There are certain rules that arise from the principle of self-preservation, and form what Wolff calls “the voluntary law of nations.” “Hence it follows that all nations have a right to repel by force what openly violates the law of the society which nature has established among them, or that directly attacks the welfare and safety of that society. At the same time care must be taken not to extend this law to the prejudice of the liberty of nations.”

V.

The right of jurisdiction belongs only to those societies which have united for the purpose of maintaining the natural rights of each individual.

The ablest writers have maintained that society has not the right of life and death, and whoever arrogates that power commits a “divine lèse majesté.” “The object, the interest, and the function of all government are, then, to maintain the harmony of society established upon the moral relations of justice, and upon the physical order that no human power can change, and to protect all those who compose that society.” Louis XI., that Tiberius of France, caused to be put to death more than four thousand persons, and nearly all without process of law.

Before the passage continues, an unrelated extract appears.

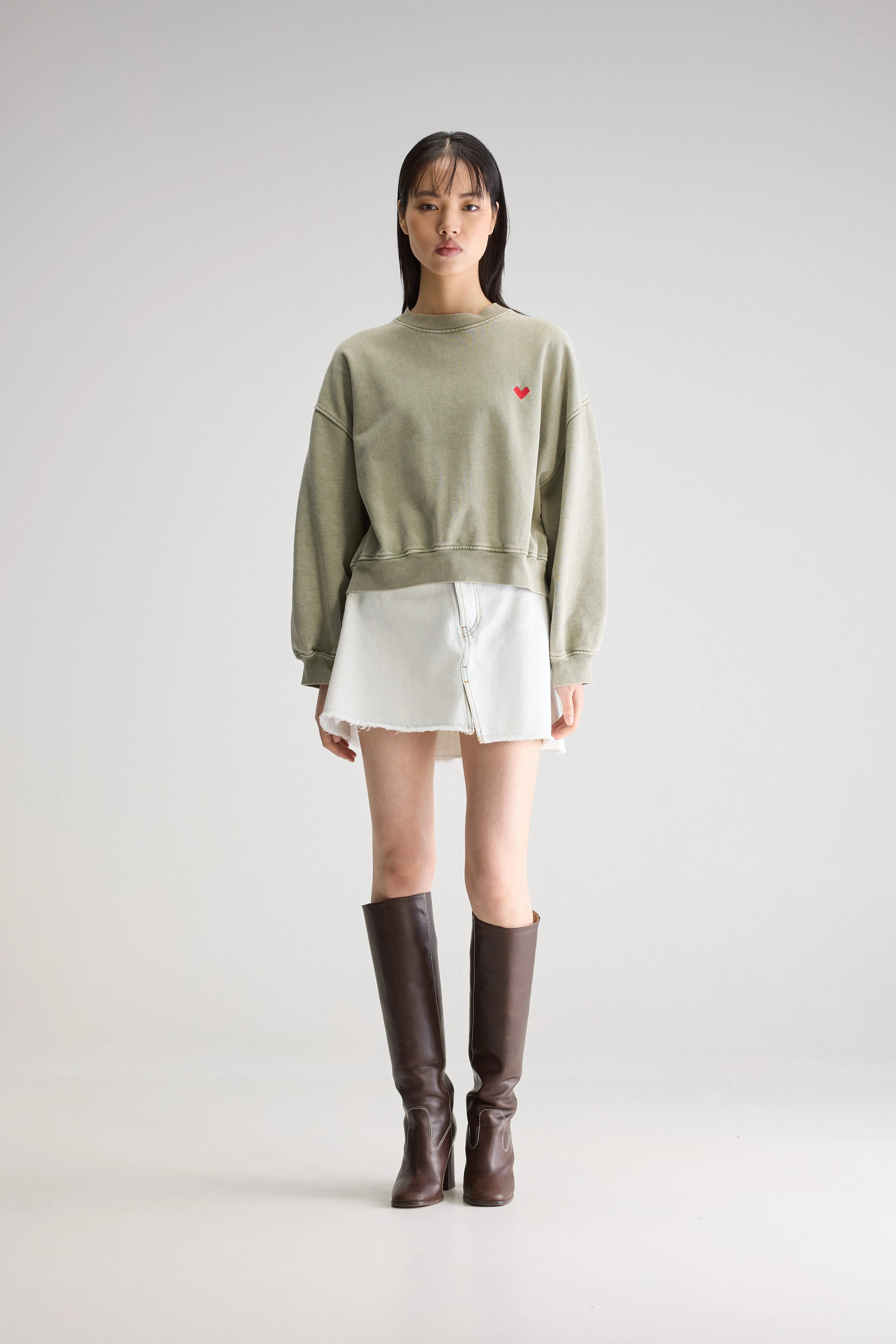 Fancy cropped crewneck sweatshirt (251 / W / JEEP)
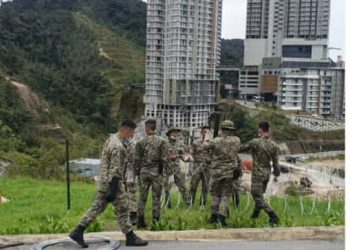 ANGGOTA keselamatan memasang kawat besi di sebuah apartment yang diduduki warga asing di Genting Highlands, Pahang.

We see passionate men defending palpable errors with fanaticism and metaphysical temerity, as though they were divine dogmas. Thus Slavery would legalize frightful tyranny, and declare permanent proscriptions, with the same ease that it consigned thousands to starvation. “If liberty,” says the author of the “Essai sur le Despotisme,” “is the first of resorts for man, Slavery must alter all the sentiments, blunt all the sensations, and denaturalize them; stifle all talent, blend all shades, corrupt all the orders of state, and scatter discord, the germ of anarchy and revolutions. Man is only wicked when a superstitious institution or a tyrannical government gives the example of ferocity, and supplies him with fear for motive and cupidity for passion. But it is necessary to distinguish with men the character acquired from natural inclination: we are, of all beings, the most susceptible of modifications, and above all, of extreme passions. An enslaved people are always vile: they can be wicked and cruel, because they are irritable, gloomy, and ignorant; and when, although instruction will not be the only rampart of liberty against tyranny, it will always be the first safeguard of man against man; but the slave is a mutilated man.”

Every writer will admit this whose pen is not enslaved by fear, or rendered venal by interest.